Dei restanti 16,3 miliardi, 12,9 miliardi erano vincolati solo all’implementazione delle riforme giudiziarie (senza ulteriori criteri) e si tratta di quelli che sono stati in parte sbloccati da Bruxelles dopo la richiesta di revisione. I restanti 3,4 miliardi sono bloccati per il mancato rispetto delle condizioni abilitanti orizzontali – ovvero le condizioni necessarie per quanto riguarda la Carta dei diritti fondamentali dell’Ue – in tre controversie tra la Commissione e l’Ungheria: la legge ‘sulla protezione dell’infanzia’ (la legge anti-Lgbtq+), quella sull’indipendenza accademica e quella sul trattamento riservato alle persone richiedenti asilo. La prima questione è responsabile per lo stallo del 3 per cento del budget della politica di coesione (cioè 678 milioni), la secondo del 9 per cento (oltre 2 miliardi) e la terza di un ulteriore 3 per cento (altri 678 milioni). Per sbloccare questi fondi non è sufficiente mettere fine alle questioni legate all’indipendenza del sistema giudiziario (anche se rimane per tutti questi un pre-requisito), dal momento in cui devono essere risolte anche le pendenze riguardanti le altre condizioni abilitanti orizzontali.
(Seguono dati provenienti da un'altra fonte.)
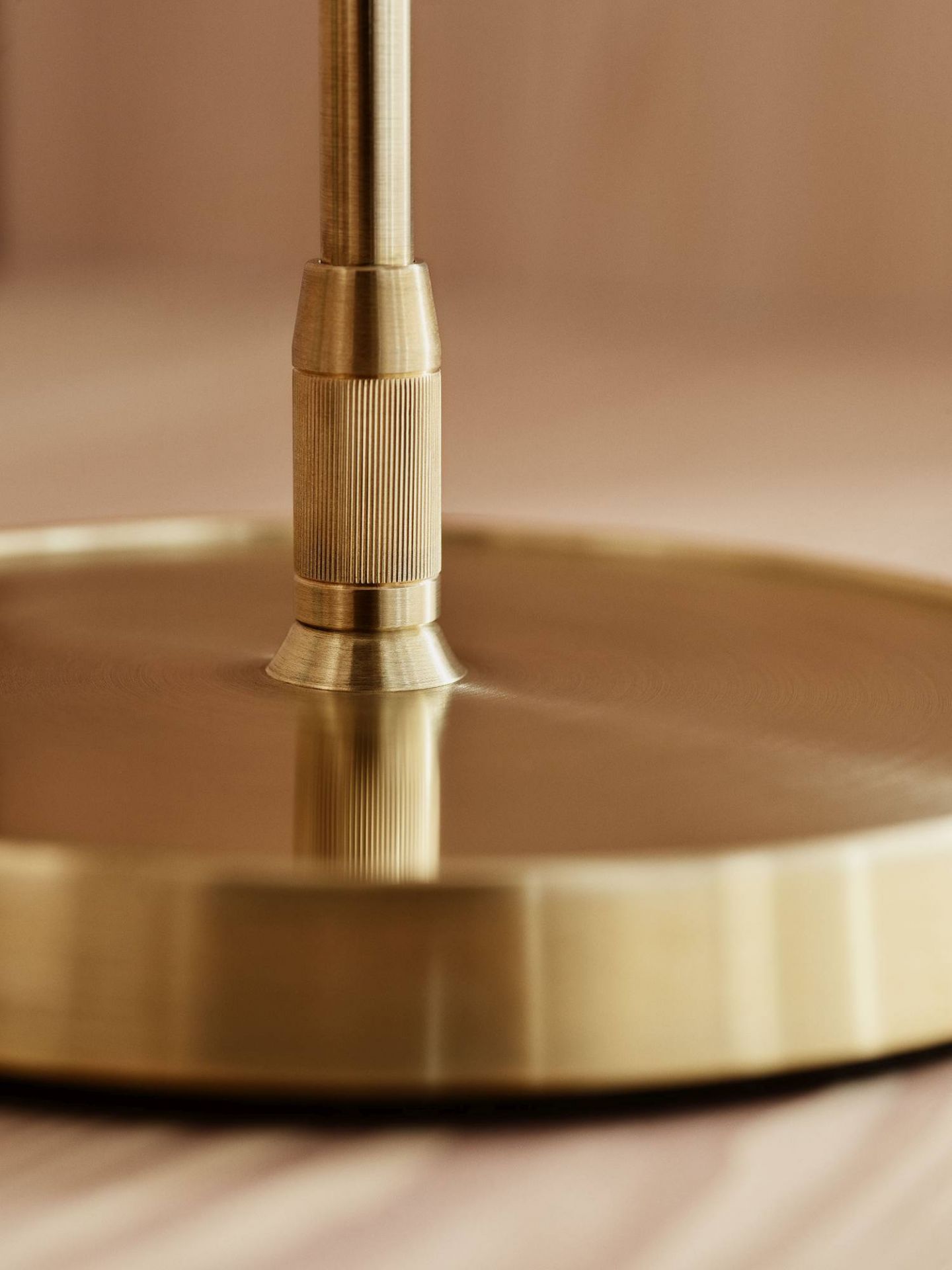 Clam Table lamp lampe de table Fritz Hansen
C’è infine da considerare l’ultima questione, quella dei 223,1 milioni di euro di tre programmi dei Fondi per gli Affari interni. Come appreso da Eunews a febbraio da fonti interne all’esecutivo comunitario – e poi confermato di nuovo a metà novembre – si tratta di 69,8 milioni dal Fondo Asilo, migrazione e integrazione (Amif), 102,8 dallo Strumento per la gestione delle frontiere e i visti (Bmvi) e 50,5 dal Fondo sicurezza interna (Isf). Tuttavia, data la mancanza di trasparenza della Commissione, è difficile al momento capire quali parti di questi fondi siano state scongelate. Secondo quanto si può leggere nelle decisioni di implementazione, solo i fondi Isf e Bmvi sono legati esclusivamente alle questioni giudiziarie, mentre quelli Amif anche ad asilo, non respingimento e rimpatri: ne risulterebbe uno sblocco di 153,3 milioni su 223,1.